I soon learned why no one had taken the front table. Street hustlers offered me calculators that shot flames and dozens of other fine collectors’ items. Boys tried to shine my running shoes.

But the view of sidewalk life was worth the annoyance. A woman wearing fuchsia silk pajamas buffed the toenails of another whose teeth and lips had turned dark red from chewing betel nuts. A bicycle repairman found leaks in tires. Two high school girls in white silk ao dai--the national costume of tunic and matching pants--lifted their trouser legs as they walked through a puddle. A scribe battered out letters on a vintage typewriter. A pretty young woman wrapped mounds of sticky rice in banana leaves and handed them to a mother and a girl in a dirty dress. Two wrinkled women wearing conical straw hats carried a baby to a doorway and rubbed ointment on his red bottom. Coconut sellers balanced trays on bamboo rods.

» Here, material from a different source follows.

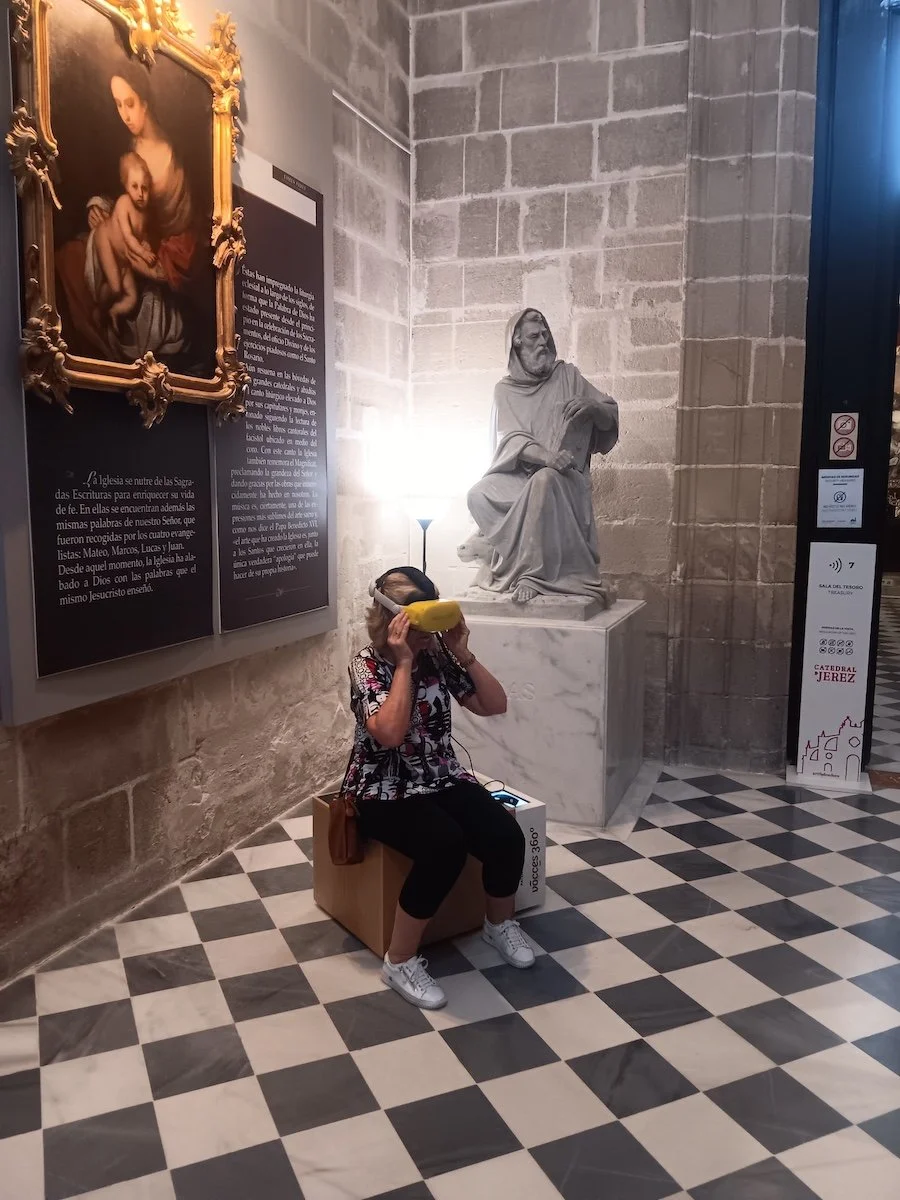 A woman sitting on a stool wearing a virtual reality headset inside a room in a cathedral  with a statue and an old painting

I left to check out the dinner clubs on Dong Khoi, the Fun Zone, which runs from Notre Dame to the Saigon River. Maybe I could even find something authentically Vietnamese in this cosmopolitan city. Through the windows I saw an all-Vietnamese crowd at Paloma Cafe, so I took a seat at the dark walnut bar.

Paloma was decorated like a Spanish grotto, dark with strings of gold doubloons hanging from the walls. At one end of the room, an alto in a green ao dai sang sweet-sounding Vietnamese songs, and at the other, Elmer Fudd cartoons were showing on a big-screen TV.

From a menu that included beef stroganoff and tournedos in bearnaise sauce, I ordered grilled sea bass en croute with lemon butter sauce for $3. It turned out to be stunning, one of four great meals I had in the city.

Advertisement

Enjoying the show, I listened as a violinist played “Roll Out the Barrel.” I loved the sweet and dated innocence of Paloma, the boys bouncing on their father’s knees, skinny teenagers in bobby socks.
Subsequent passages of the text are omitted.